Wikipad hands-on (7-inch, GDC 2013)
The bulky controller attachment pairs up the 7-inch tablet easily via micro USB plug, and the mapping worked fine on the few games we played. While the buttons aren't what we'd call high-quality, they're workable enough to far surpass the virtual button offerings otherwise employed in many mobile games. That is admittedly a low bar to surpass. The change from black to chrome buttons isn't an aesthetic choice we embrace, but it doesn't heavily affect the already cheap look of the controller.

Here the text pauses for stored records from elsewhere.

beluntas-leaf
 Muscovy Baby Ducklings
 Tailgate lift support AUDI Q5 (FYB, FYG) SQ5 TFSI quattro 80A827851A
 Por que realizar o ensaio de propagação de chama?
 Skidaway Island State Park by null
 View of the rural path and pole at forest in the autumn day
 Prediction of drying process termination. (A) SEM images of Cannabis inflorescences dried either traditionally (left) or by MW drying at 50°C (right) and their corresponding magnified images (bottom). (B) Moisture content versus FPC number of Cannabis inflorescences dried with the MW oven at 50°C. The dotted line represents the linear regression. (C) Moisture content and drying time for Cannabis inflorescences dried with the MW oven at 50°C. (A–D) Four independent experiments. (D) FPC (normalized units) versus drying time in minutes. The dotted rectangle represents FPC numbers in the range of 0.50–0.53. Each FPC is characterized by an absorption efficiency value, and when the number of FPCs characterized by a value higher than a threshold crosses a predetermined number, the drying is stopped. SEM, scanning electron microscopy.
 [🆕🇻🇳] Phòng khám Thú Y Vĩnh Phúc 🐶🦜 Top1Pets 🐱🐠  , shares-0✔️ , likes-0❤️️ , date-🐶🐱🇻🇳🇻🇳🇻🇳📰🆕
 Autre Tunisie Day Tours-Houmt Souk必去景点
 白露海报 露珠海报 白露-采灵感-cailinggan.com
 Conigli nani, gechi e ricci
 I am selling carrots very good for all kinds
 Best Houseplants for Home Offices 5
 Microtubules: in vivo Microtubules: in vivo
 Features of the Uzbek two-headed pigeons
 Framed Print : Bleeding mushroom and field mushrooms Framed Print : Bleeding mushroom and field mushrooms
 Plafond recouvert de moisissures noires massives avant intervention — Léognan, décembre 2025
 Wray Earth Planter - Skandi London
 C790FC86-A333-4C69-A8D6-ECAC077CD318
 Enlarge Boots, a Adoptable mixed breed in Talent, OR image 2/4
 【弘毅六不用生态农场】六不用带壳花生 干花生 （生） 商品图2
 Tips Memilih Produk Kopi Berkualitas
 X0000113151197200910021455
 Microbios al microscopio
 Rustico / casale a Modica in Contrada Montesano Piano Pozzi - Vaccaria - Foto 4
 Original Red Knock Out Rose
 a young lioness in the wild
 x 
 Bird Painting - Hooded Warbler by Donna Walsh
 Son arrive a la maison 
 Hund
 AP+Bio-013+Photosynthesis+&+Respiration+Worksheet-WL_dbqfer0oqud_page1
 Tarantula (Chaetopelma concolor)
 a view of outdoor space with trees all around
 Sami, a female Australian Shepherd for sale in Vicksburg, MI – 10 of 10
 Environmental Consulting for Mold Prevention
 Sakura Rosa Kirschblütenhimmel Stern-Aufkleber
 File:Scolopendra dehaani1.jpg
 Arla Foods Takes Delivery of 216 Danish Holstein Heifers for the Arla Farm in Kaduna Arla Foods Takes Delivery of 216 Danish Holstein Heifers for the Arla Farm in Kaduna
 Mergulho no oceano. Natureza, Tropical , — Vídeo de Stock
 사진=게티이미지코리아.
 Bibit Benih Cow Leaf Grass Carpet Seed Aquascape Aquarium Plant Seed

Wikipad's central thrust -- the 7-inch tablet -- is ... fine? It's a fairly standard 7-inch tablet, from specs to build quality. There's an expandable memory slot for SD cards (up to 64GB, we're told), a single front-facing camera, and the aforementioned 1,280 x 800 IPS screen in the middle (all of which runs Jelly Bean 4.1) -- nothing thrilling, but all the boxes are ticked. The most thrilling aspect of the tablet is its rubberized back with a grippy ridge, meant to both be grabbed and to amplify the device's speakers. We're just glad it won't go sliding off our laps.
Based on our brief time with it, the Wikipad is hard to recommend. Both the $250 price and the not-so-exciting set of features are working against it, but we'll give it a full review in the weeks to come.